The protection of LGBTQ+ rights is advanced in Aotearoa, relative to other countries in Oceania, and is one of the most liberal in the world, with the country being the first in the region to enact same-sex marriage.

However, none of the panellists believes that we are living in a post-queer world, and several warn against assuming that the freedoms LGBTQ+ individuals have achieved in Aotearoa are replicated in other countries, or indeed that they will necessarily remain intact.

There are still countries in the world where being queer, gay, bisexual or transgender is a criminal offence or worse, punished by death. And in many, including in the Pacific, non-heterosexual people do not feel free to live their authentic lives.

About the participants:

Thomas Sainsbury, Tanu Gago

Thomas Sainsbury, Tanu Gago Photo: Auckland Museum/Max Lemesh Photography

Louisa Wall

Louisa Wall is the MP for Manurewa, having stood for the New Zealand Labour Party. She has represented New Zealand in both netball as a Silver Fern and rugby union as a member of the Black Ferns.

Born in Taupo, Wall has Ngāti Tūwharetoa and Waikato ancestry. She was named after her father's cousin Louis, who died on the day she was born.

She attended secondary school at Taupo-nui-a-Tia College and earned qualifications from the Waikato Institute of Technology, the University of Waikato and Massey University. She worked in the health field. She is openly lesbian and is a strong advocate for human rights.

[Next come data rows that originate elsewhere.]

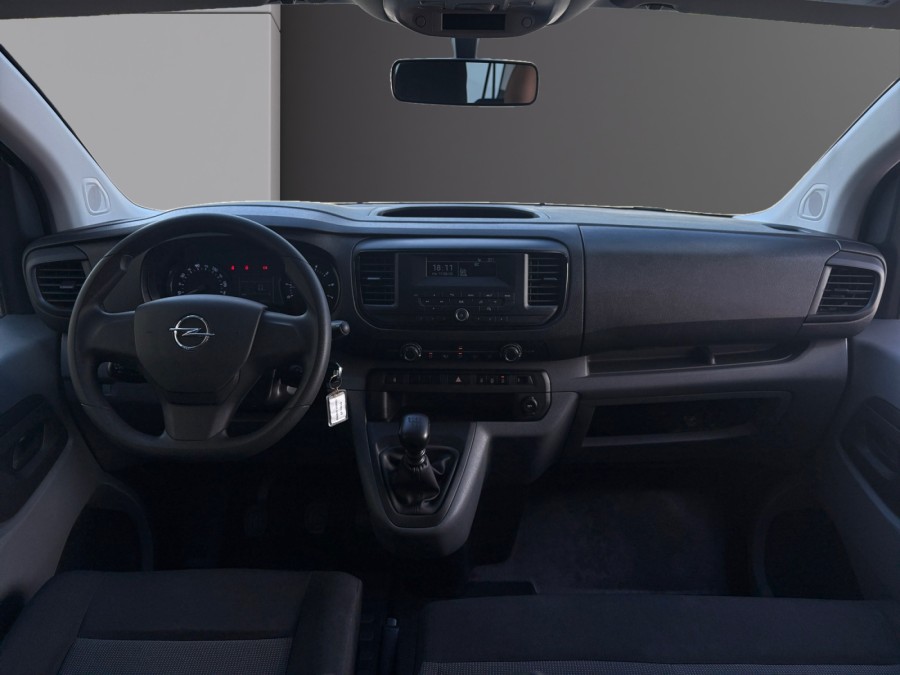 OPEL d'occasion VIVARO COMBI L3 1.5 D 120 de 2022 Méry Sur Oise (95)﻿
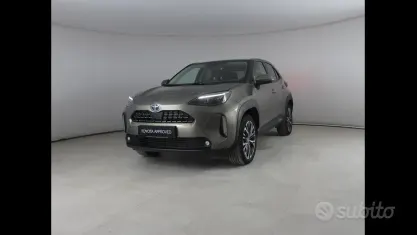 Occasion Toyota Yaris Cross Lounge 116 PK (85 kW) 2023 Geel SUV
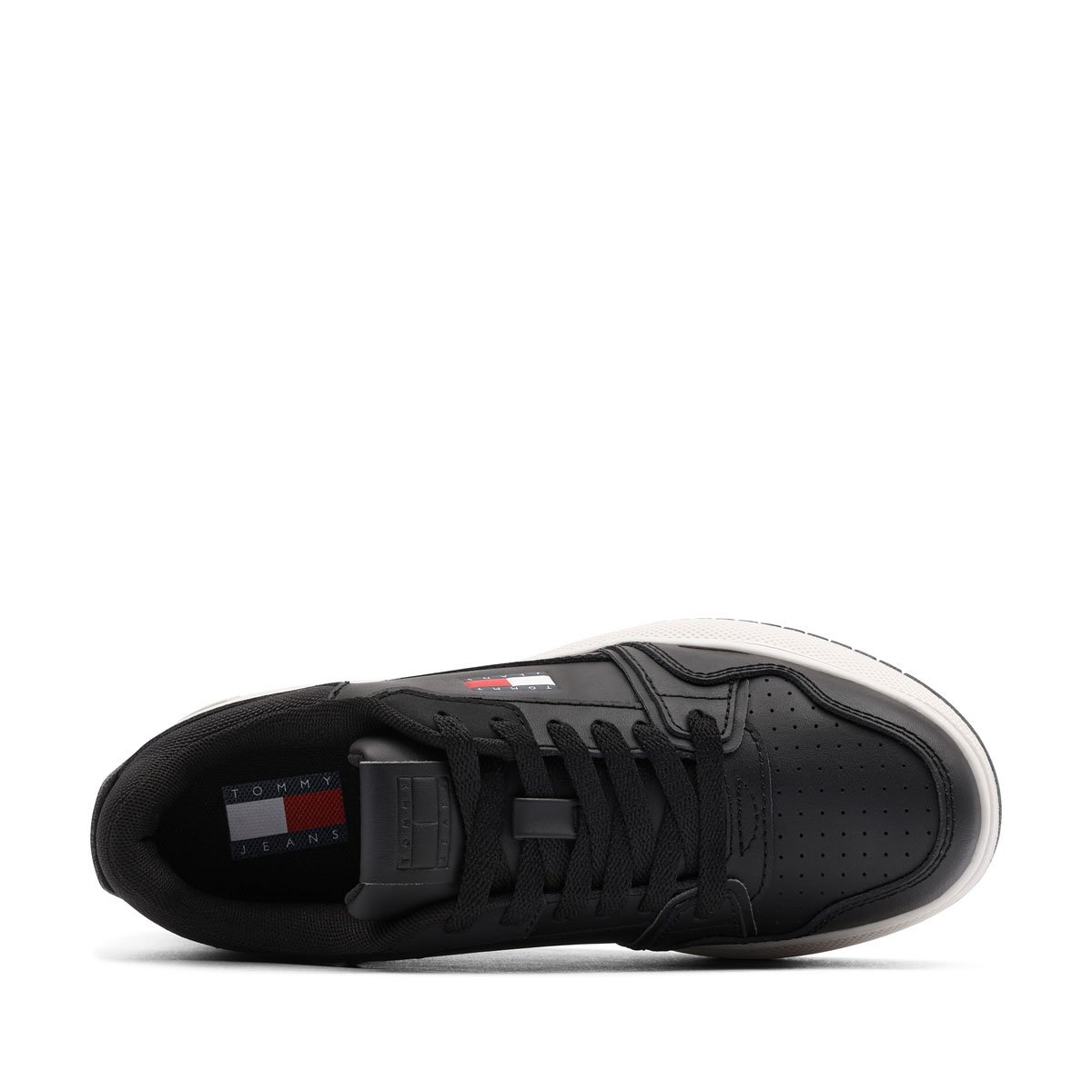 Tommy Hilfiger TJW Retro Basket Flatform Teniși damă EN0EN02860BDS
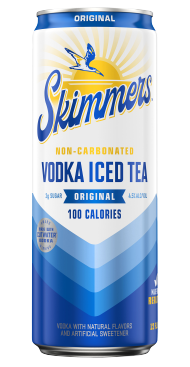 Skimmers Iced Tea & Lemonade (Half & Half) 24oz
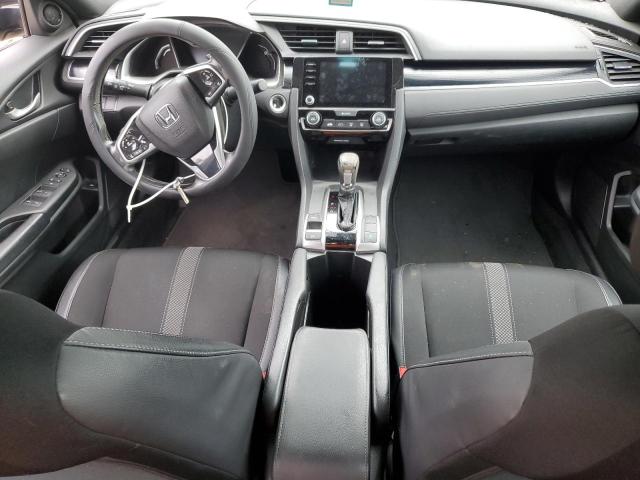 2HGFC2F81KH587707 - 2019 HONDA CIVIC SPORT შავი ფოტო 8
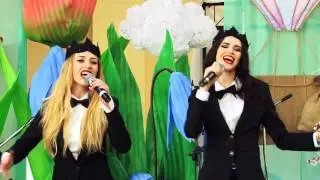 YWD2016 Single Lady`s и Костя Тейлор2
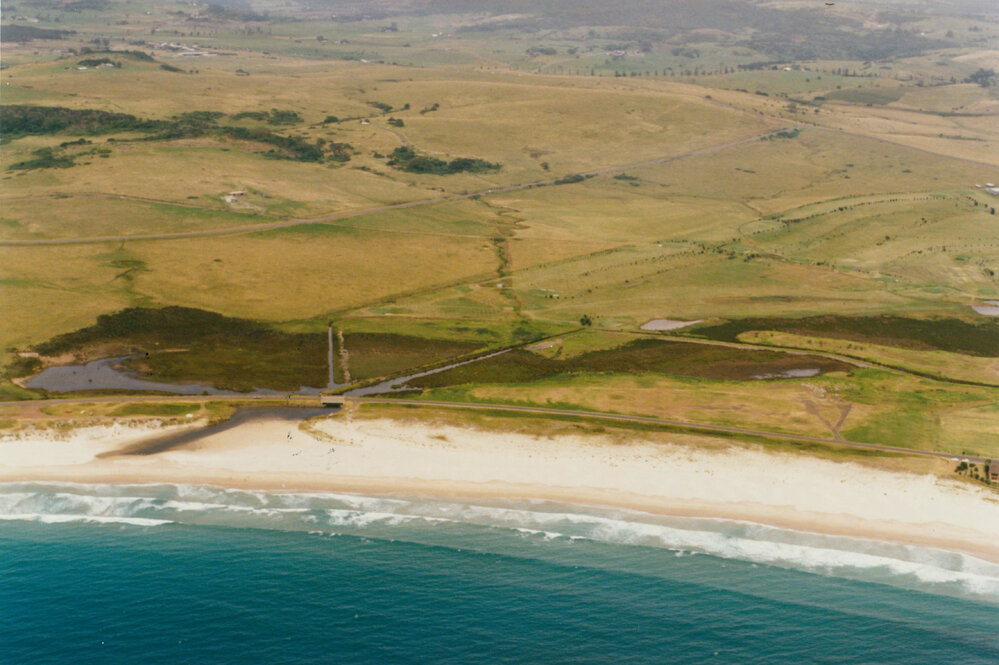 Boollwarroo Parade and Shellharbour Swamp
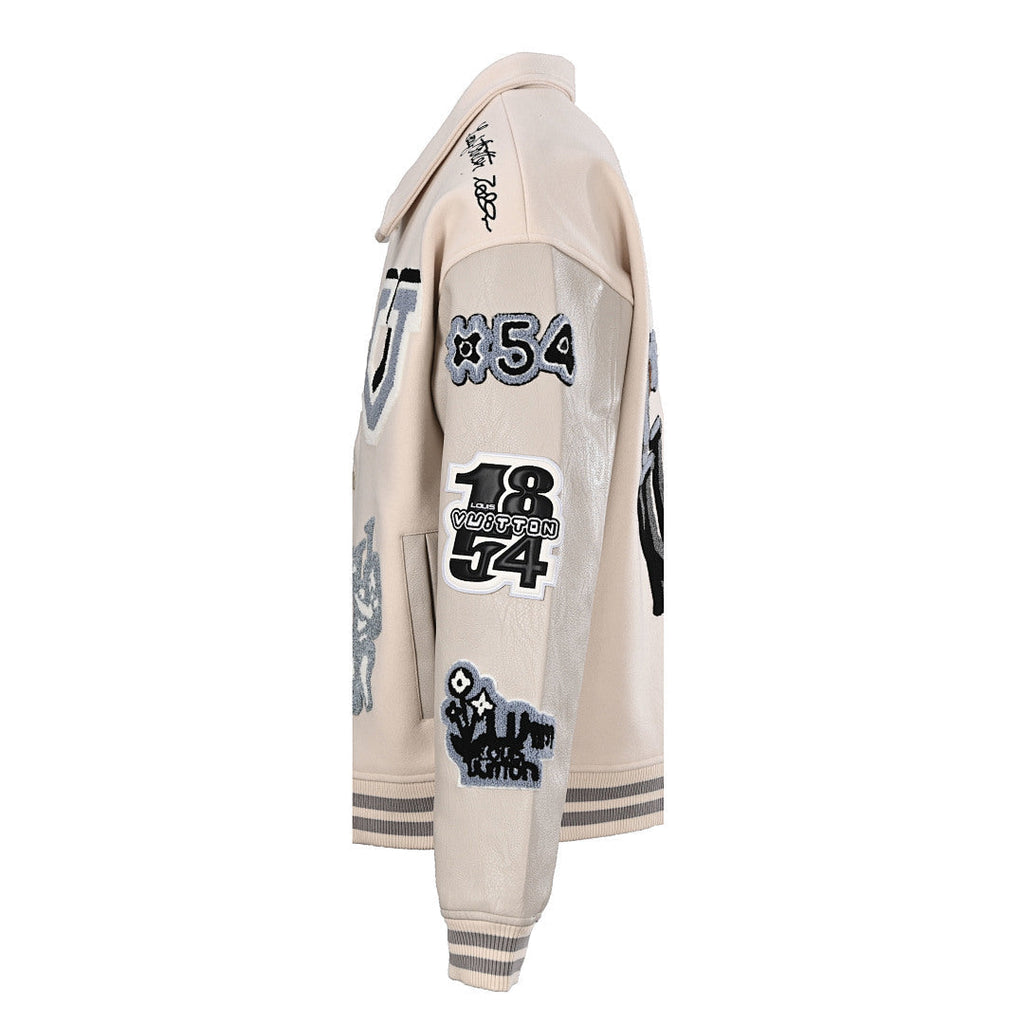 Louis Vuitton Logo-Print Sports Jacket - product image 3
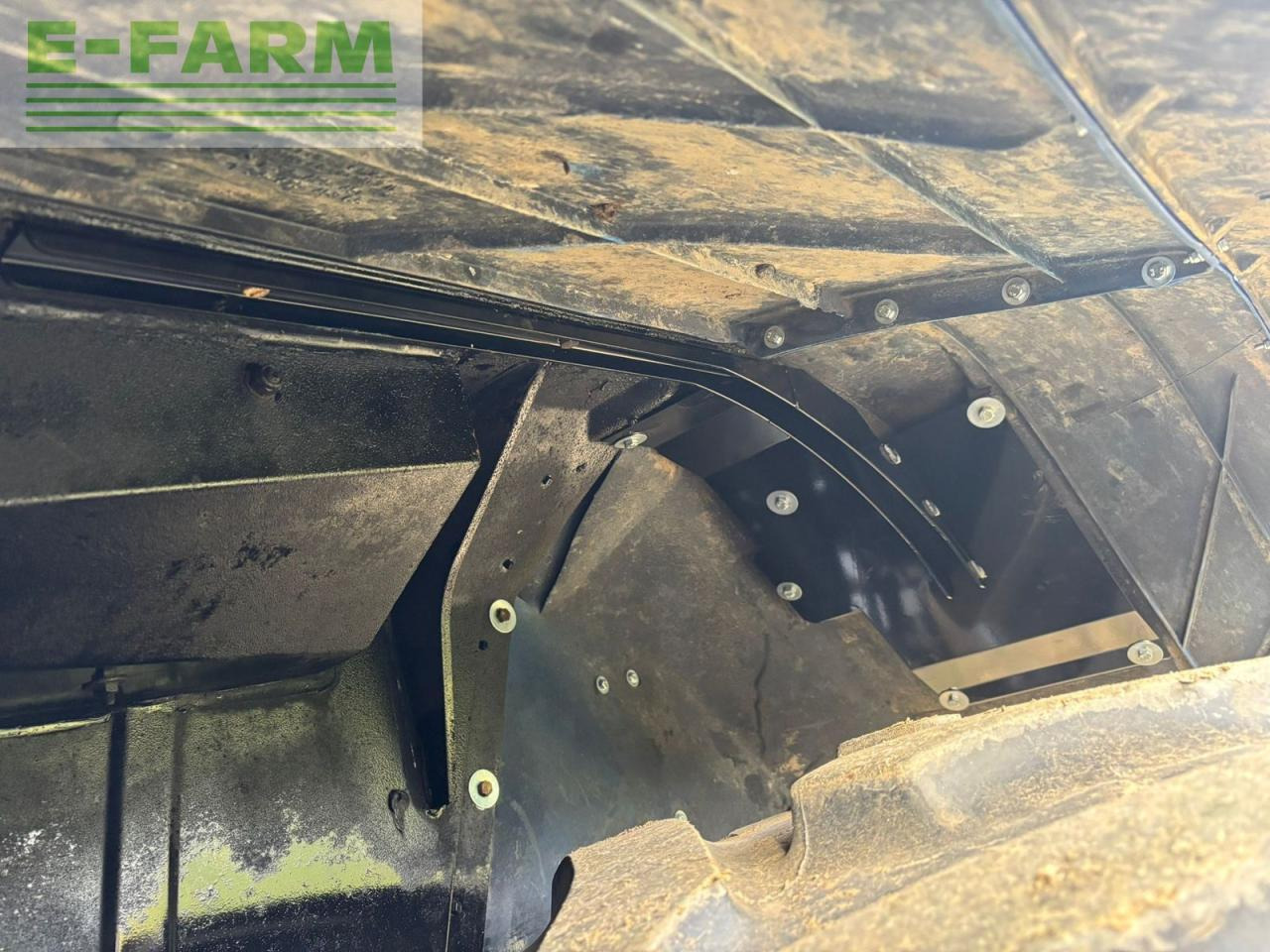 Tractor New Holland t7510: foto 9 Tractor New Holland t7510: foto 9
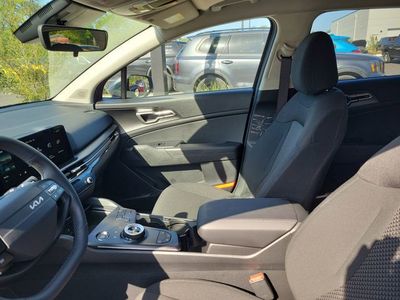 2026 Kia Sportage Hybrid — photo 14 view
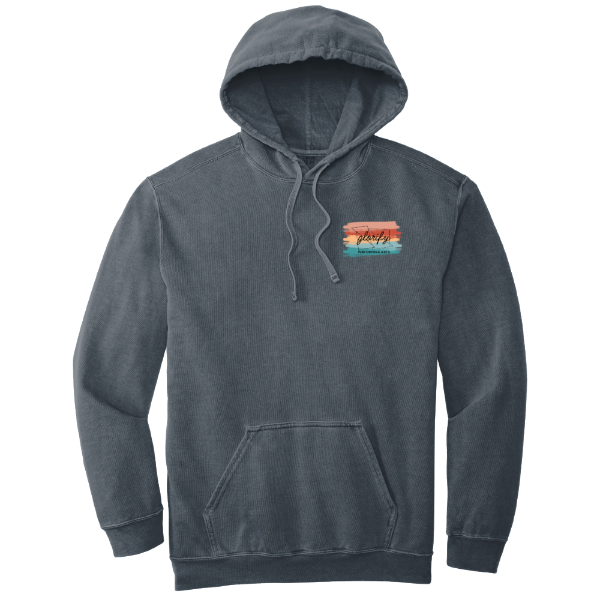 GPA Set - Lightweight Fleece Hooded Sweatshirt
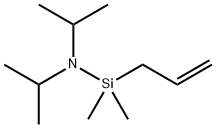 ALLYL(DIISOPROPYLAMINO)DIMETHYLSILANE price.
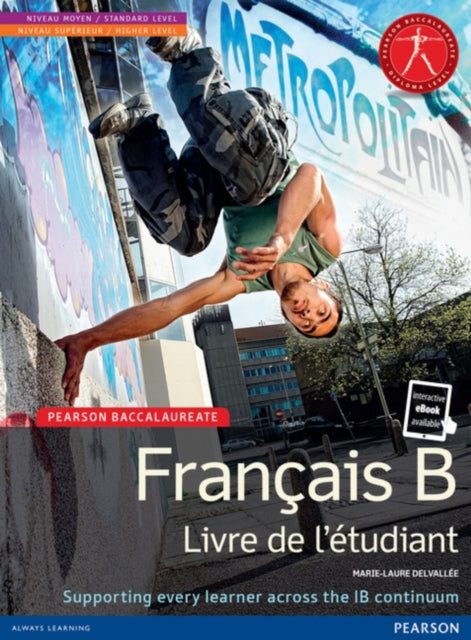 Pearson Baccalaureate Francais B new bundle not pack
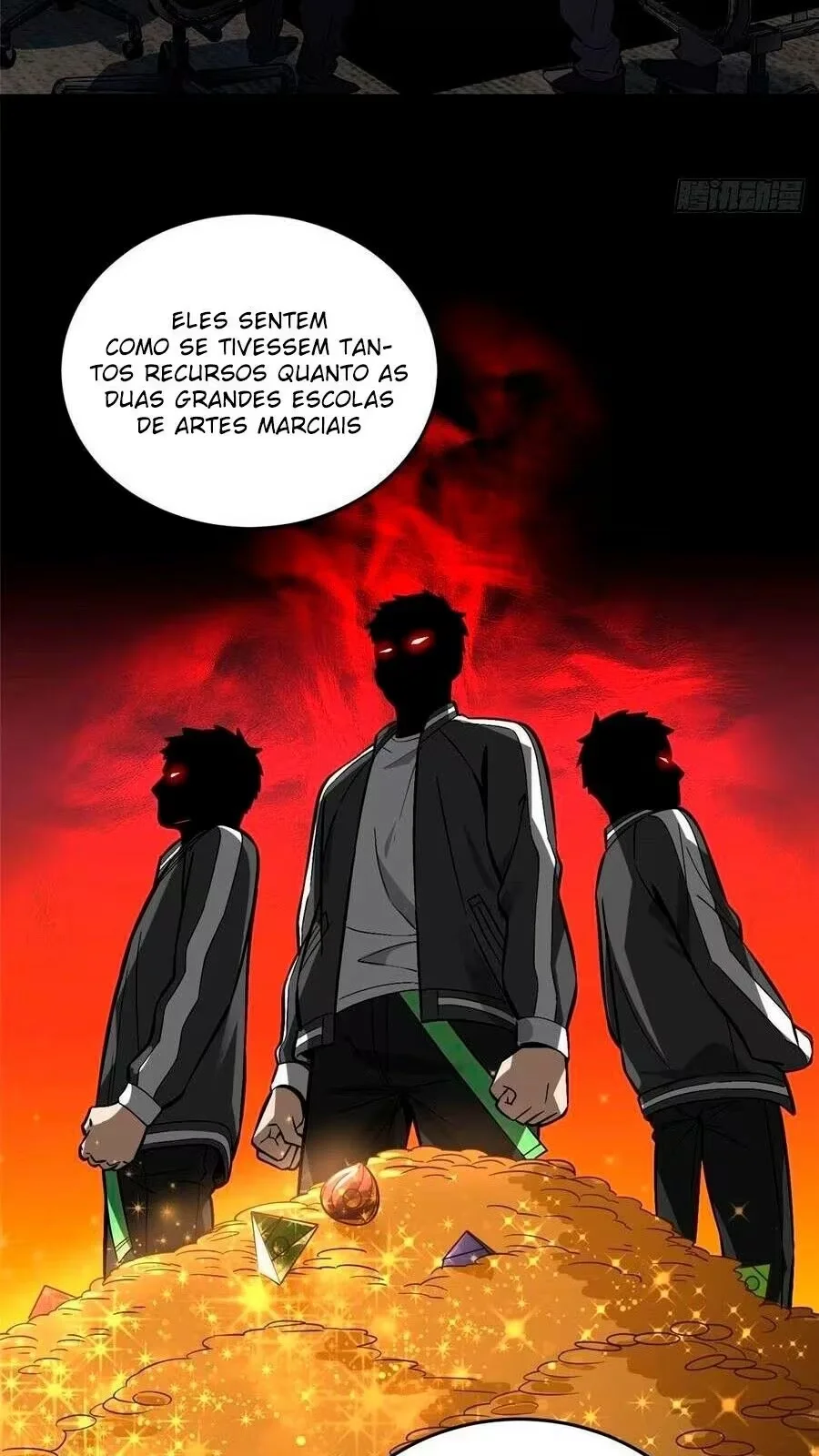 Global Martial Artist Capítulo 54 Página 54
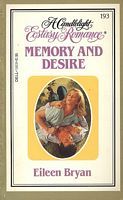 Memory and Desire (Paperback)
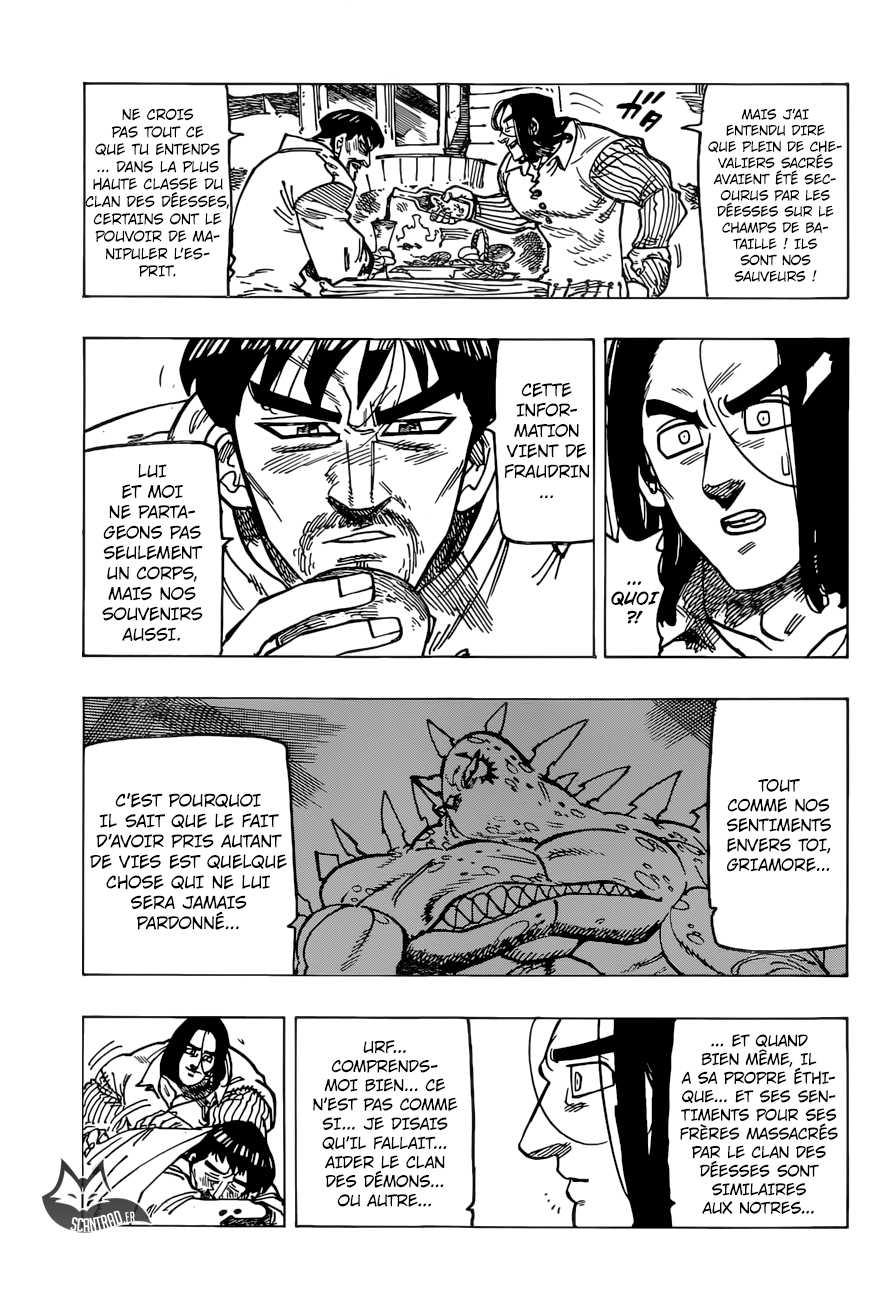 Read Nanatsu no Taizai fr Manga Online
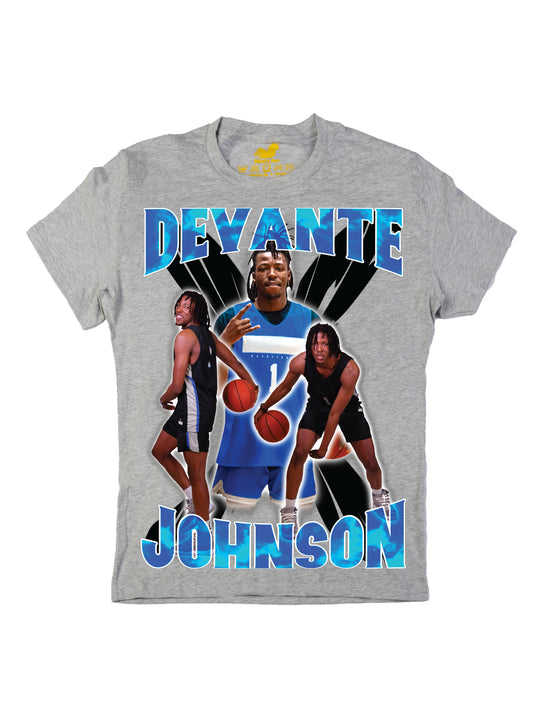 Devante Johnson Oversized Print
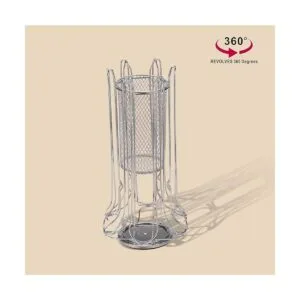 ZCDCP Carrusel de soporte para cápsulas de café giratorio_3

In May 2012, Wall submitted a Bill to legalise same-sex marriage in New Zealand to the Member's bill ballot. it was subsequently drawn and introduced to Parliament in late July 2012.

On 29 August 2012, the Marriage (Definition of Marriage) Amendment Bill passed its first reading with a vote of 80–40. On 17 April 2013, the Bill was passed into law by 77 votes to 44, making New Zealand the 13th nation to allow same-sex marriage. The Bill came into effect on 19 August 2013, since then married same-sex couples in New Zealand have been able to adopt children jointly.

At the third reading, Wall gave a speech likening the passing of the Bill to Treaty of Waitangi settlement acts previously passed by the New Zealand Parliament. She stated the passing of the Bill was like winning a "World Cup final". (Wikipedia)

Welby Ings

Professor of Graphic Design in the School of Art and Design at AUT, Ings describes himself as a ‘disobedient’ thinker. An internationally renowned speaker and educational reformer, he sees productive disobedience as behaviour that pushes our thinking and action into new and unconsidered realms. Specifically, he questions our anxious micromanaging of thought and our preoccupation with tick box assessment. In 2017, his best-selling book Disobedient Teaching became influential in the reconceptualisation of New Zealand education.

Although Professor Ings is an award-winning author, he is also a designer and director. His interest in film as a story-telling medium has seen his three short films Boy, Munted and Sparrow selected for numerous international film festivals including Cannes. Boy was shortlisted for the 2006 Academy Awards. And this short film

Professor Ings believes that scholarship is by its very nature, creative. He sees creativity as part of normal human thought. With designers, its quality lies in the fact that creativity is not used to prove ‘truth’. He says “We don’t seek the truth when we design; we seek to find elegant and appropriate answers.” He does not see teaching as dissemination of knowledge, rather, it is creating an environment for learning. Effective learning, he says, involves ongoing, intelligent, disobedient acts that help to move knowledge beyond the constraints of formula.

Professor Ings completed his PhD in 2005 on the structure and profiles of narrative music videos and television commercials. He is a fellow of the Royal Society of Arts (UK), a member of the Designers’ Institute of New Zealand, the New Zealand Screen Directors’ Guild.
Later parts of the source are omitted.